Le commandant augmenta la focale. « C’est un enfant. Un enfant humain ! »
L’équipage s’approcha pour regarder. Parmi les étoiles, la vie intelligente brillait déjà par sa rareté, mais lui découvrir un visage humain…
Emerson augmenta encore la focale.
« C’est un garçon. D’à peu près sept ou huit ans. Il nous regarde, mais il n’a pas l’air particulièrement intéressé. »
L’enfant se tourna vers le palais et disparut. Emerson émit un soupir de surprise. « Vous avez vu ?
– Qu’est-ce qui s’est passé ? » demanda Wilhelm, l’officier en second, grand et blond.
« Il a traversé le mur ! Comme si c’était de l’air ! »

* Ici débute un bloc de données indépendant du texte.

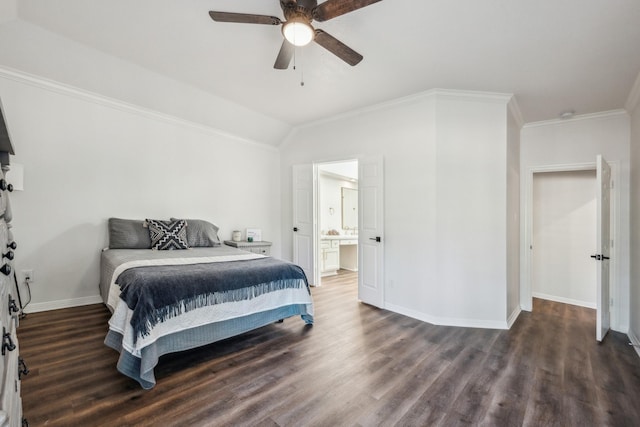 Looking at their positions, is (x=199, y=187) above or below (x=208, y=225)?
above

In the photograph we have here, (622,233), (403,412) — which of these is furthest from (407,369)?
(622,233)

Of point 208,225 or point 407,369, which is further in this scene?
point 208,225

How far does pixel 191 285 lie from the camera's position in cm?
236

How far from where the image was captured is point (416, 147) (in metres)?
3.61

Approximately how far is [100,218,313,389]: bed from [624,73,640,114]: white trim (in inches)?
152

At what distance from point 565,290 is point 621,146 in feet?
6.91

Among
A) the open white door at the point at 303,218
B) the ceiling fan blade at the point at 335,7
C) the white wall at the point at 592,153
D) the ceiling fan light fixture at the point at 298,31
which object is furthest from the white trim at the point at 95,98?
the white wall at the point at 592,153

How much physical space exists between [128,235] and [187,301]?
6.32ft

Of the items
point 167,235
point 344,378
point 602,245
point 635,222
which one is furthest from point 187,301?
point 635,222

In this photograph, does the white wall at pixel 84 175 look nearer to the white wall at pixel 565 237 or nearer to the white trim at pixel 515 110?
the white trim at pixel 515 110

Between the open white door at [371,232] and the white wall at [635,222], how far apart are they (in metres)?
2.59

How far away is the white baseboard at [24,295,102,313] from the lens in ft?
10.8

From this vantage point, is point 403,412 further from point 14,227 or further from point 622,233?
point 14,227

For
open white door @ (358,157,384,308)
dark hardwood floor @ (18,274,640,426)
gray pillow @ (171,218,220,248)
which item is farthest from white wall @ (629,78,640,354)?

Un long moment s’écoula sans autre signe de vie. La nervosité gagna l’équipage. « Pourquoi ne s’intéressent-ils pas à nous ? se plaignit Smett, l’intendant. Même les enfants s’éloignent sans manifester de curiosité. »
Emerson secoua la tête, perplexe. « Ils ne doivent pas voir de vaisseaux spatiaux tous les jours, pourtant…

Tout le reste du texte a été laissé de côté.